Tag Archives: John Carpenter

The Top 5: Macho Gunfights

Black Hawk Down

Black Hawk Down

Essentially one long macho gunfight from start to finish, just with a little talking at either end and a suitably emotive, melancholic theme in Denez Prigent’s Gortoz a ran – J’attend (credit also to Hans Zimmer).

Black Hawk Down portrays the Battle of Mogadishu by showing empathy for both the East African people (apart from the Somalia Militia) and the American military forces with relative amounts of tact and respect (particularly for a Michael Bay production). Although let’s be honest, the film’s real purpose is as much about communicating the tragedy of the continued violence in parts of The Horn of Africa as Blood Diamond is concerned with the spurious diamond trade.

Black Hawk Down is all about the gunfight. There is so much shouting, weaponry and bravado, John Rambo wouldn’t even know which way was up if he was casually invited. If you are looking for a recent history lesson, pick up a big book (or at least the one this film is based on). If you are looking for a couple of hours of ‘man time’, watch Black Hawk Down.

Best bit: Tom Sizemore strolling around in the middle of a particularly hairy exchange of bullets as if looking for the ideal picnic spot, while all of his comrades take cover around him.

 

Heat

Al Pacino in Heat

The best macho gunfight ever committed to film. No arguments please, because I will not listen. If you disagree, it’s because you are wrong. It will never be beaten, nothing will ever come close – not even Michael Mann himself when trying to duplicate it in both Public Enemies and Miami Vice.

As if Mann hadn’t struck enough gold by securing one of the best ensemble casts in film history, he then has the audacity to stick them into a thoroughly compelling cops and robbers story of epic proportions, give them all guns – at the same time and force them to point them at each other by making the stakes immensely high. A chaotic yet controlled ten minutes of pure cinematic mastery ensues.

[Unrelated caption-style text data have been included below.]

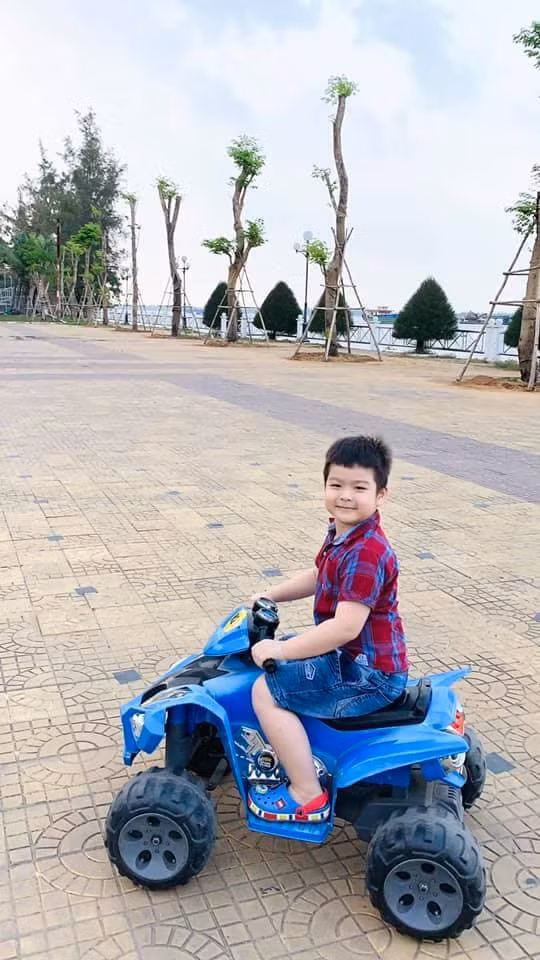 Dua con trai di choi, Nhat Kim Anh va chong cu ne chup chung-Hinh-3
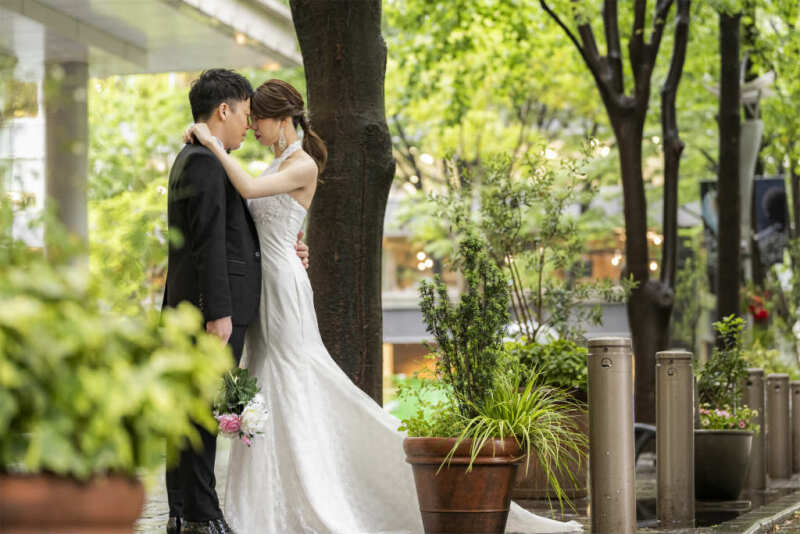 木々の中でおでここつん♡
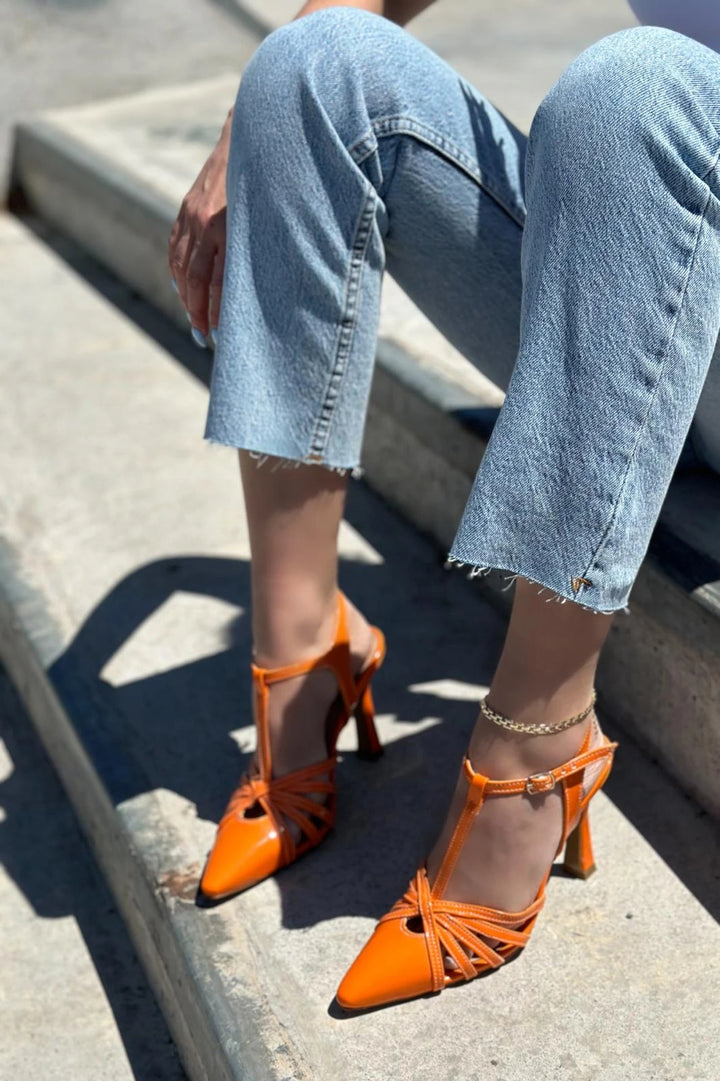 Sonedra Rugan Çapraz Bant Detaylı Stiletto Turuncu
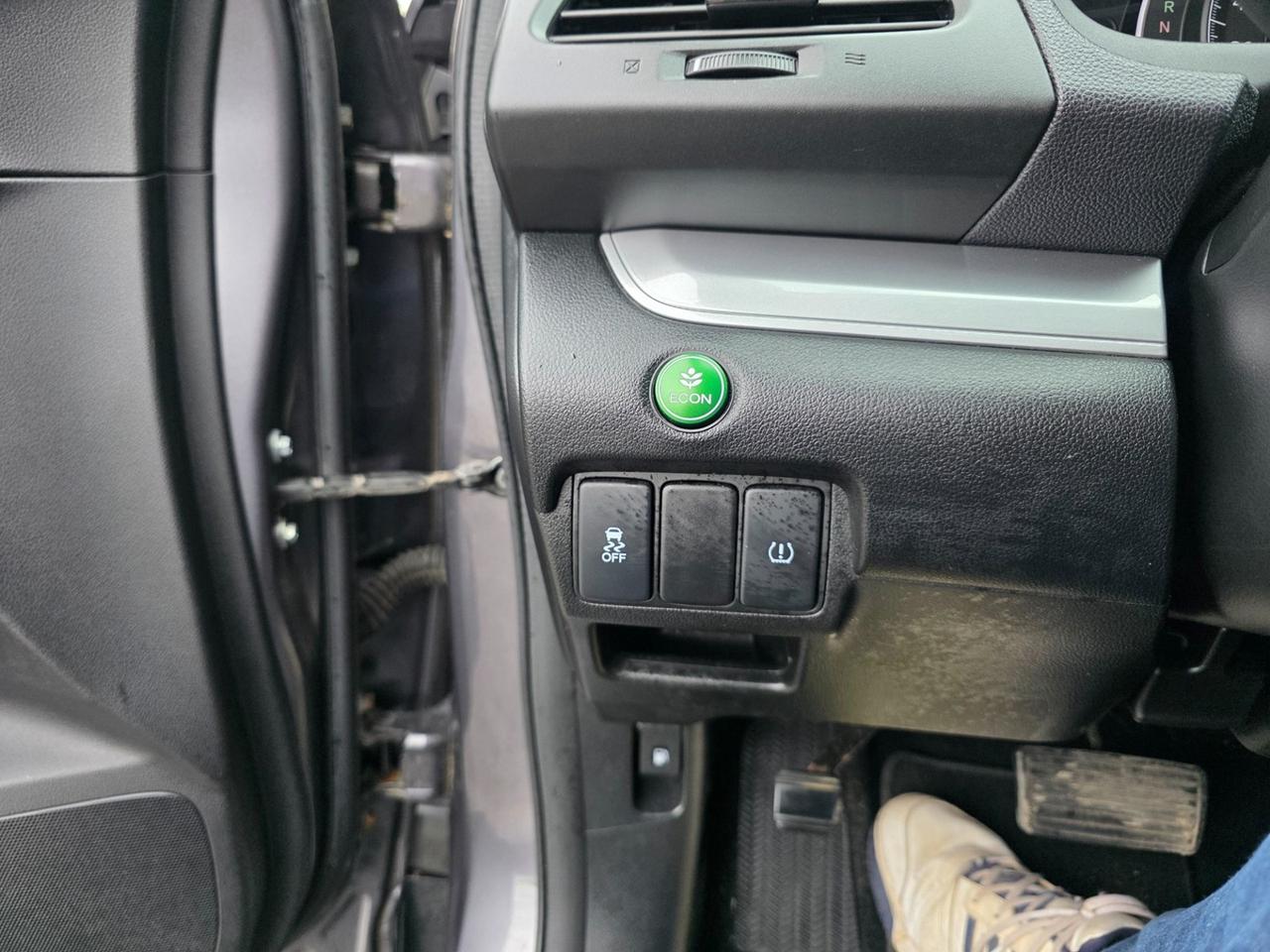 2015 Honda CR-V LX Photo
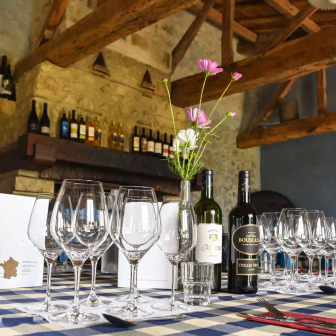 Déjeuner au Château Bouscassé en accord met et vin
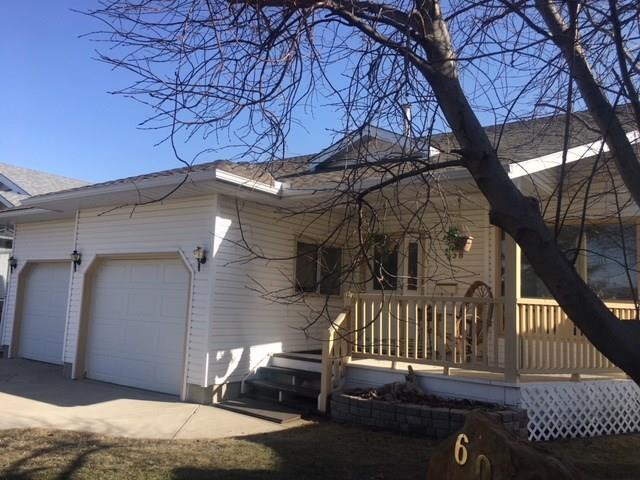 58 Sandstone Ridge Crescent - Photo 1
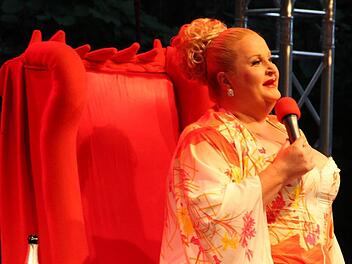 Daphne de Luxe in all ihrer Pracht auf der Waldbühne. Carolin Herrmann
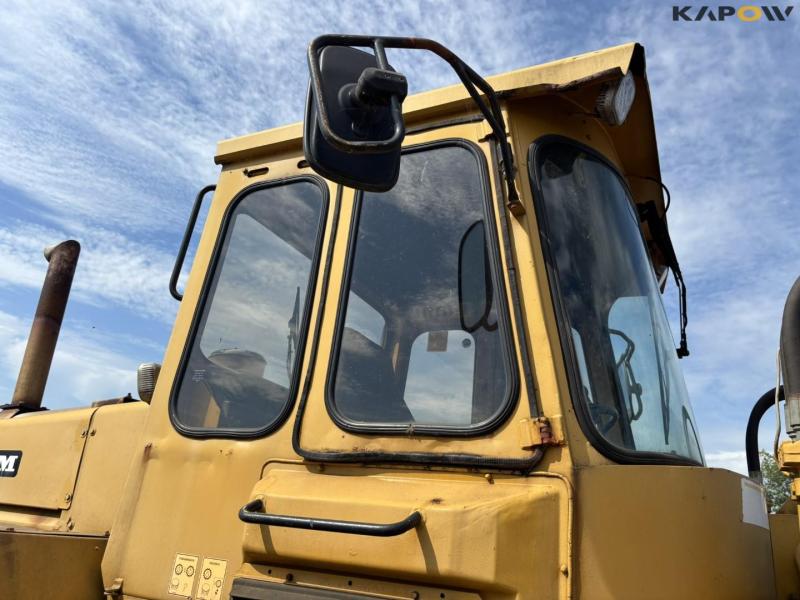Volvo L90 wheel loader 32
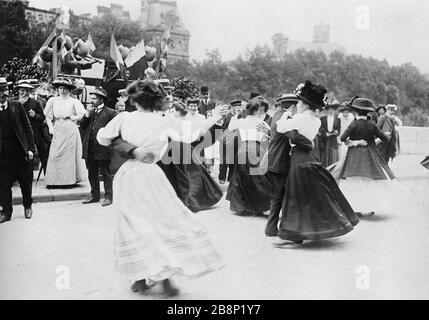 Danza popolare, Quai aux Fleurs, 'Bal populaire, quai aux Fleurs, le 14 juillet'. Parigi (IVème arr.), vers 1900'. Photographie de Paul Géniaux (1873-1914). Parigi, musée Carnavalet. Foto Stock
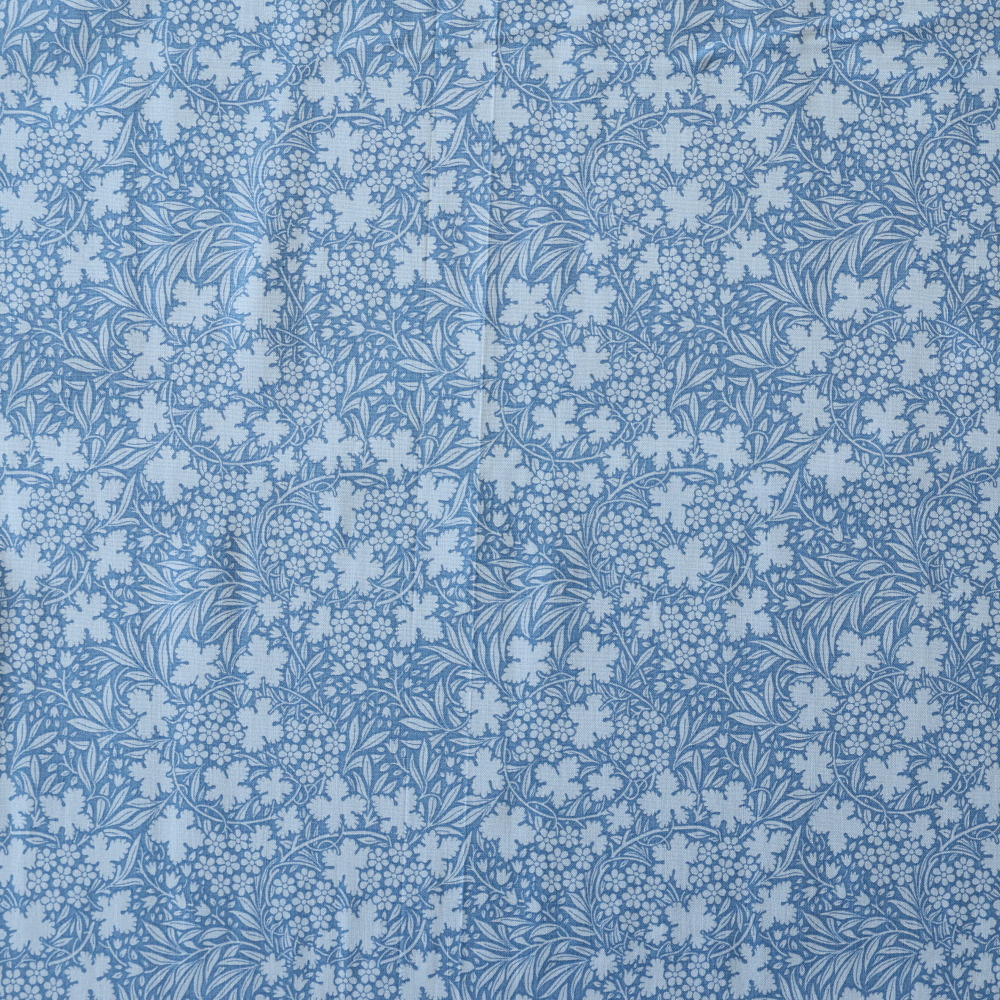 Bushbloom Cornflower 柄全体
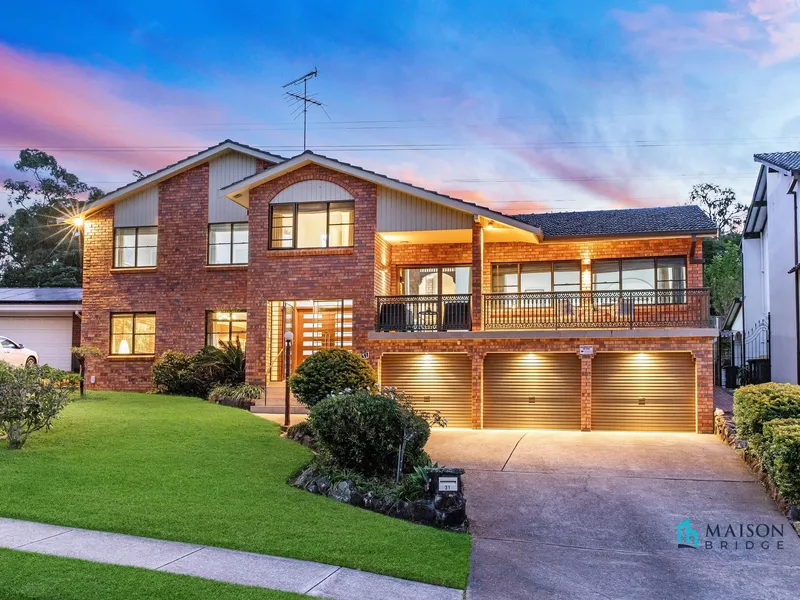 Impressive Full Brick Family Home, Murray Farm Public School Catchment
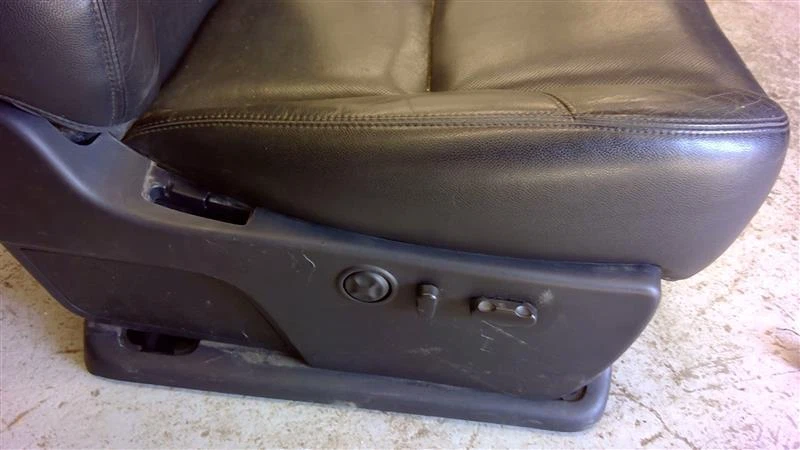 12 13 14 Chevrolet CHEVY SILVERADO 2500 Front Seat Foto 3 de 3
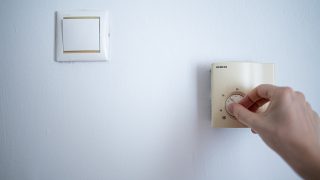 Kiknek jelenhet meg az energiaszámláján ez a tétel, és jogos lehet-e?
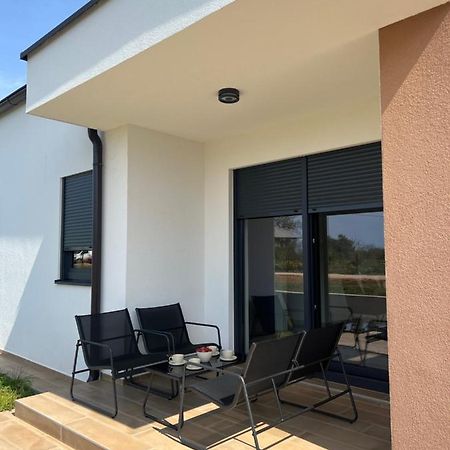 Modern Home Ula Brtonigla Exteriér fotografie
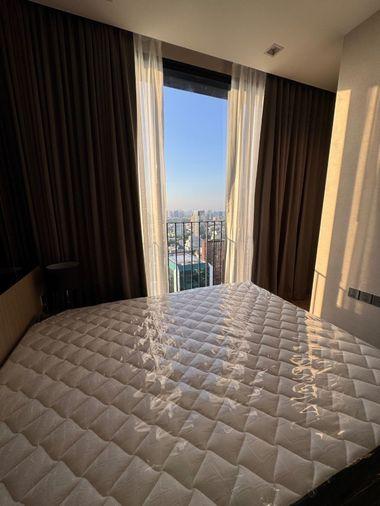 รูป Noble Around Ari (โนเบิล อราวน์ อารีย์)  ที่ตั้ง : ติด BTS อารีย์ 90 เมตร ขนาด : 45 ตร.ม.   2 ห้องนอน 1 ห้องน้ำ  ชั้น : 37  ห้องมุม - รูปที่ 9/15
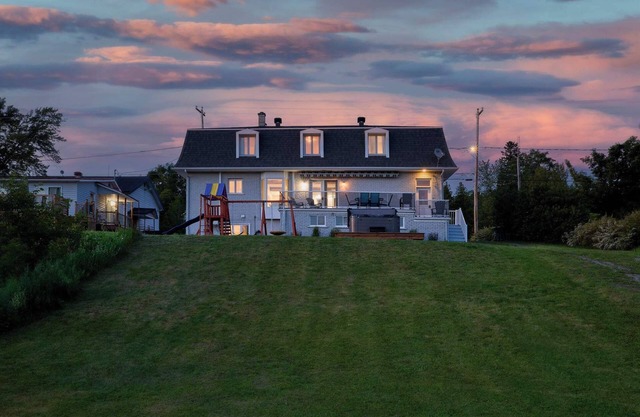 Chalet du Rivage spa, Pohénégamook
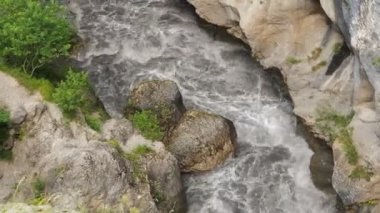 Fırtınalı bir dağ nehir güzel doğal sel. Flaş sel çamurlu nehir. Hızlı akan su Raging River atılıyor. Doğal afetler fırtınalı kahverengi bulanık su Flo. 30 kare/sn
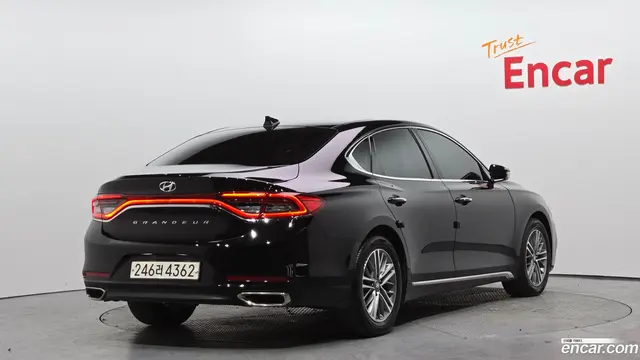 Main__Slider__Photo:Grandeur Hyundai 2018.1-1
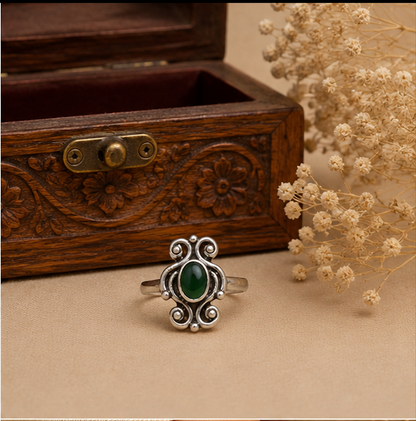 Antique Silver Green Stone Scroll Toe Ring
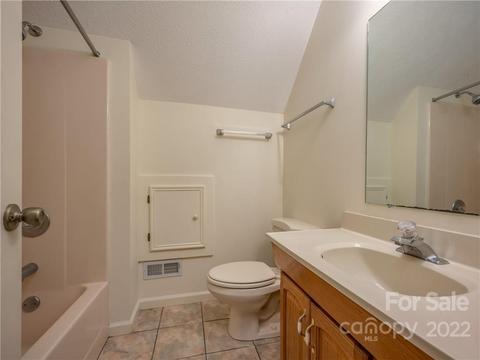656 Firefly Ln, Saluda, NC 28773 photo 24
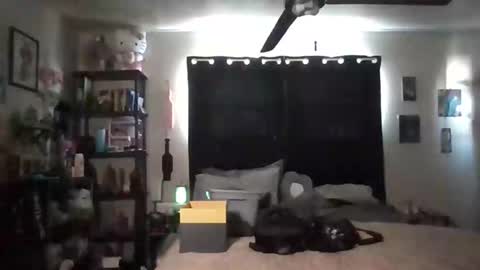 Onyx online show from February 22, 8:22 pm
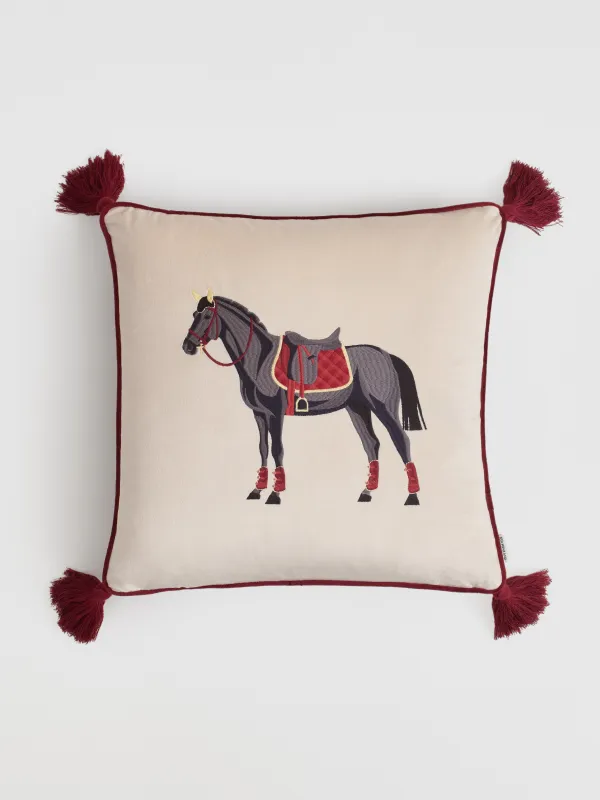 Подушка декоративная, 45х45 см, с кисточками, вельвет, бордово-молочная, Конь, Warhorse, image-0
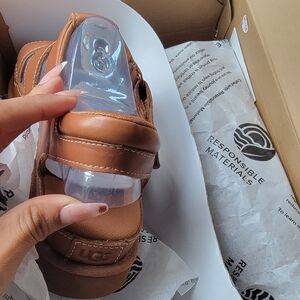 UGG Women's Goldenstar Strap Fisherman Sandal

Best Bit: Chris Shiherlis’ (Val Kilmer) split-second reaction outside the bank as the cops appear from behind a departing coach.

 

True Romance

True Romance

True Romance is quite possibly the coolest film ever made. It has a colossal ensemble cast who all kindly get together at the end to shoot holes in each other for our viewing pleasure. As is apparently the theme for all good macho gunfights, every single prop and element of mis-en-scene gets obliterated, most notably some feathery cushions. But, this time, the majority of the characters expire too. Kudos to Tony Scott for keeping the death rate suitably high, but it could have quite easily become even more destructive (even Christian Slater’s Clarence Worley dies in Quentin Tarantino’s original script).

Best bit: Tom Sizemore being Tom Sizemore with the help of the poor man’s Tom Sizemore – the late Chris Penn.

 

Predator

Predator

The greatest macho action film ever made also features one of the best gunfights. Bill Duke’s Mac captures a glimpse of the translucent extreme sport-obsessed hunter and proceeds to unload his gigantic weapon in its general direction. Cue the rest of the platoon as they line up next to him and join in the fun without even batting an eyelid as to what they may be shooting at. Shots of muscle and metal are cut with shrubbery being fatally injured and the un-environmentally friendly massacre only comes to an end when all ammunition is positively wasted. I didn’t catch the rest but I think they wounded Slimer at some point.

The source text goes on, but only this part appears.